RECORDS FOR THIS TASK

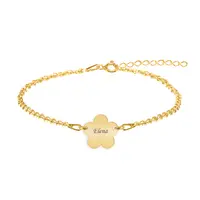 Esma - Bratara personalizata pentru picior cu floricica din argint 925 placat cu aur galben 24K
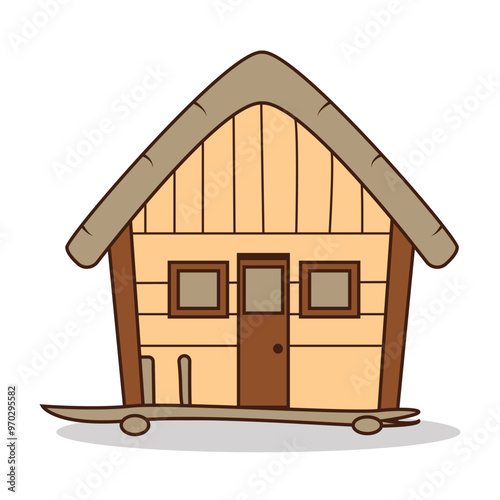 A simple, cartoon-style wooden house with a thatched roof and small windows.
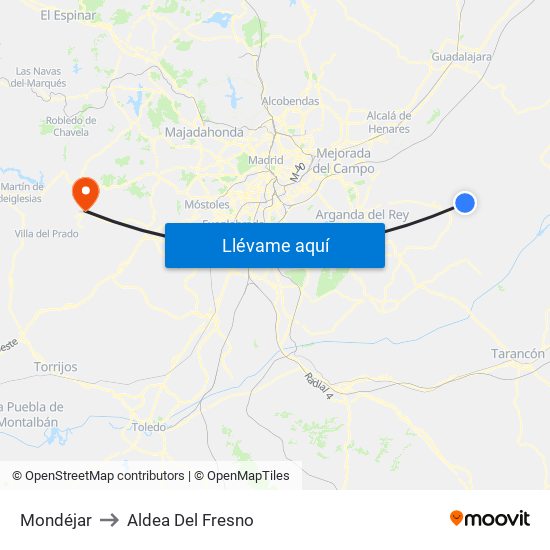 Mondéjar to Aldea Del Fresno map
--
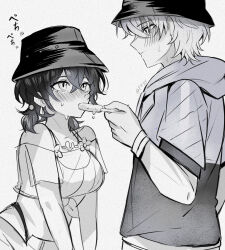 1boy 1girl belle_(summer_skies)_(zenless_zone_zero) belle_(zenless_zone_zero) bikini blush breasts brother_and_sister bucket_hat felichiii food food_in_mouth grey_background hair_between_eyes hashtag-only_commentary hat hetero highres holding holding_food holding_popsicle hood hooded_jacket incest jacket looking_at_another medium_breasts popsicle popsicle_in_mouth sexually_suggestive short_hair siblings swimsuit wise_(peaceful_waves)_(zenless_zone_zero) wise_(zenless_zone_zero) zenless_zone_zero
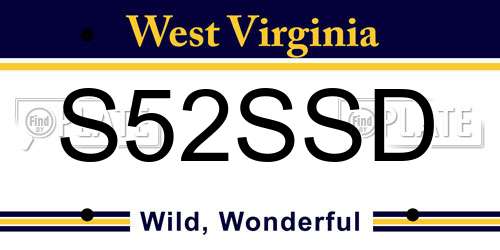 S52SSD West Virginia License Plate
...
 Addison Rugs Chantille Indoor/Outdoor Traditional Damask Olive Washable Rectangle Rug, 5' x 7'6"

YOUR INSTRUCTIONS
I'd like the lines above repeated exactly, from the one that contains "1boy 1girl belle_(summer_skies)_(zenless_zone_zero)" through the one that contains "S52SSD West Virginia License Plate", with no pictures.

TASK OUTPUT
 1boy 1girl belle_(summer_skies)_(zenless_zone_zero) belle_(zenless_zone_zero) bikini blush breasts brother_and_sister bucket_hat felichiii food food_in_mouth grey_background hair_between_eyes hashtag-only_commentary hat hetero highres holding holding_food holding_popsicle hood hooded_jacket incest jacket looking_at_another medium_breasts popsicle popsicle_in_mouth sexually_suggestive short_hair siblings swimsuit wise_(peaceful_waves)_(zenless_zone_zero) wise_(zenless_zone_zero) zenless_zone_zero
 S52SSD West Virginia License Plate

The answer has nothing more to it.